- Racer was driving in a dirt-track race when he hit a competitor who was walking
- Kevin Ward Jr. died of his injuries received at NY track
- "This has been one of the toughest tragedies I've ever had to deal with," Stewart says
- NASCAR will allow Stewart to stay in championship chase
Tony Stewart says he took the last three weekends off to respect the family of the driver that his race car struck and killed this month, and to deal with his own emotions.
Returning to NASCAR racing this weekend, he says, will help him cope.
Stewart, who opted out of three races after his car hit Kevin Ward Jr. during a dirt track race on August 9, spoke briefly to reporters Friday about his decision to race in Sunday's Oral-B USA 500 at the Atlanta Motor Speedway.
"This has been one of the toughest tragedies I've ever had to deal with, both professionally and personally.

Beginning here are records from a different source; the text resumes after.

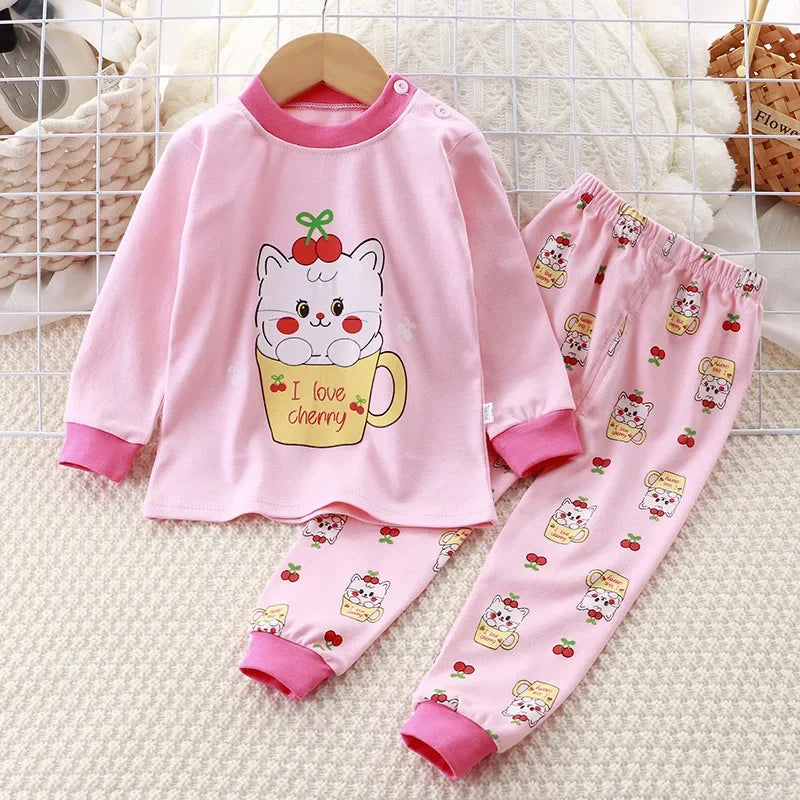 New Kids Boys Girls Pajama Sets Cartoon Print Long Sleeve Cute T-Shirt Tops with Pants Toddler Baby Sleeping Clothing Sets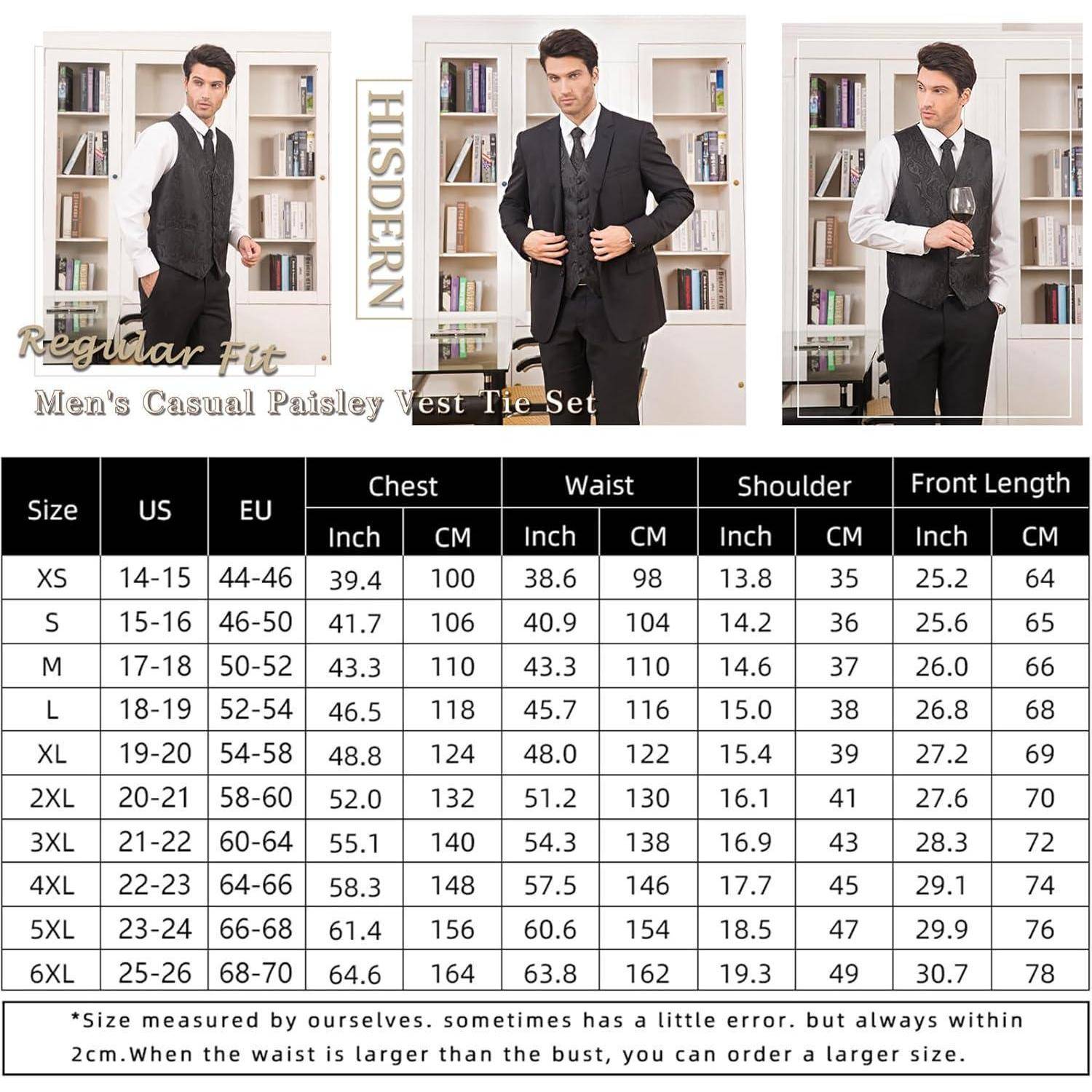 Größentabelle 'Regular Fit Herren Casual Paisley Weste Krawattenset' Größen XS bis 6XL mit Brust-, Taille-, Schulter- und Vorderlängenangaben in Zoll und Zentimetern.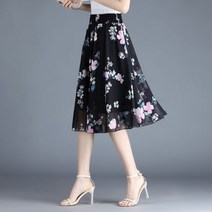 GDSHOP쉬폰 스커트 여성용 여름 꽃 무늬 YHFACAI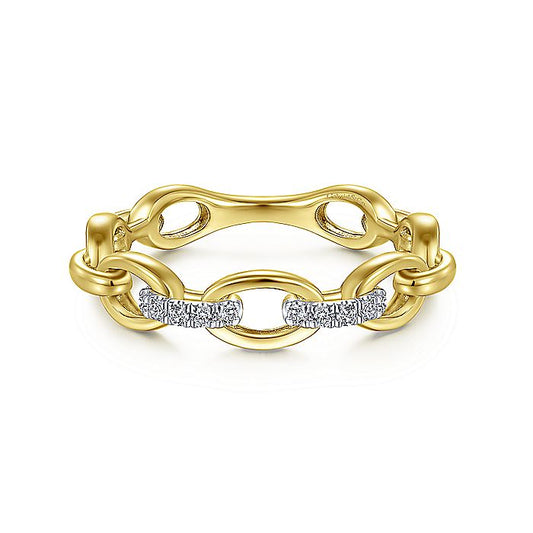 Gabriel & Co Yellow Gold Oval Chain Link Diamond Ring - Diamond Fashion Rings - Women's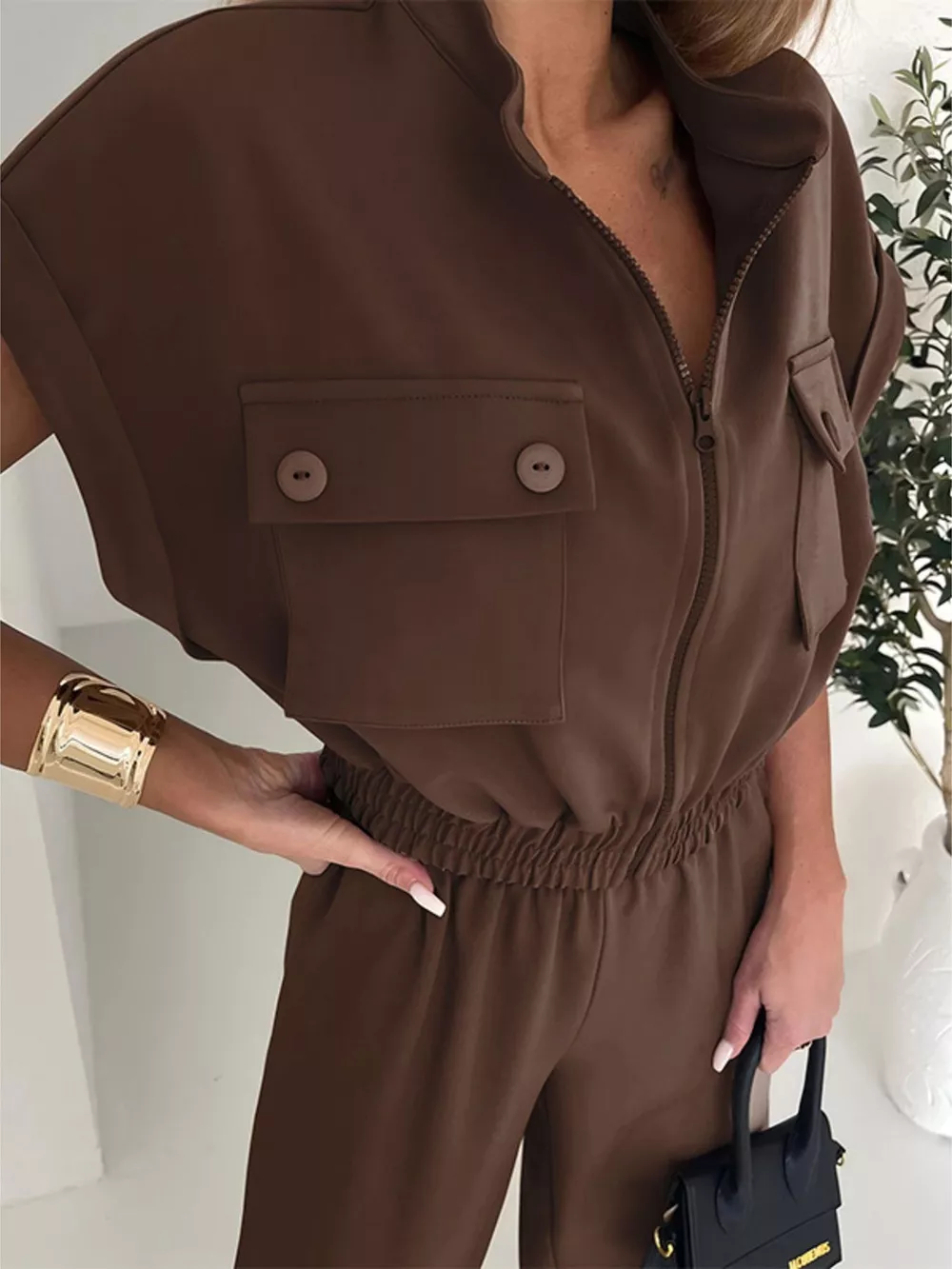 Cargo Pocket Zipper Front Jumpsuit, image 3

And this is something that will definitely affect my life forever," Stewart said at the speedway in his first public appearance since Ward's death.
While the incident hit him hard, Stewart said he knows "that the pain and the mourning that Kevin Ward's family and friends are experiencing is something that I can't possibly imagine."
"(The time off) has given me the time to think about life and how easy it is to take it for granted," Stewart said. "I miss my team, my teammates, and I miss being back in the race car. I think that being back in the car this week with my racing family will help me get through this difficult time."
He declined to take reporters' questions, saying he needed to respect the investigation into Ward's death.
New York authorities continue to investigate the incident, which happened after Ward crashed and then exited his race car during an Empire Super Sprints series race in New York.
Spectator video from that night at the Canandaigua Motorsports Park race shows two cars coming out of a turn, with Stewart's No. 14 car sliding up the track toward Ward's No. 13 car. The two cars get close and appear to make contact before Ward's car hits the wall and spins out.
Ward gets out of his crashed car and walks determinedly on the track toward the race cars, which had slowed for a yellow flag. Ward points a finger and appears to be yelling. One car swerves to avoid Ward on the half-mile dirt track.
Stewart's car passes close to Ward, and it appears that its right rear tire hits him. Authorities said that the 20-year-old Ward, a New York sprint car driver, died of "massive blunt trauma."
Stewart withdrew from the NASCAR race in New York's Watkins Glen the day after Ward died. He also missed races in Michigan and Tennessee.
Ontario County Sheriff Philip C. Povero said at the time that there was no evidence that a crime had been committed.
Stewart said that he wants Ward's parents and sisters "to know that every day I'm thinking about them and praying for them."
Ward, from Port Leyden, New York, was in his fifth season in the Empire Super Sprints series. He began racing when he was 4, running go-kart events. When he was 12, he moved to the faster sprint cars.
His father blames Stewart for hitting his son.
"Apparently, Tony Stewart was the only one driving out there who didn't see him," the father said, according to Syracuse.com.
Brett Frood, executive vice president of Stewart's racing team, Stewart-Hass, said Friday that Stewart sent the Ward family flowers and a card, and that eventually he will want to spend time with them
"I do believe that will happen at the appropriate time," Frood said.
Meanwhile, Stewart will be eligible for this year's "Chase for the NASCAR Sprint Cup" playoff system if he wins either in Atlanta or next week in Richmond -- the last two races of the regular season -- NASCAR President Mike Helton said.
There had been speculation that Stewart would have been ineligible because he missed the last three races. NASCAR had said previously that to qualify, a driver must attempt to qualify for all 26 races leading up to the Chase.
But Helton said Friday that NASCAR was waiving that requirement because of the "unique set of circumstances" in this case.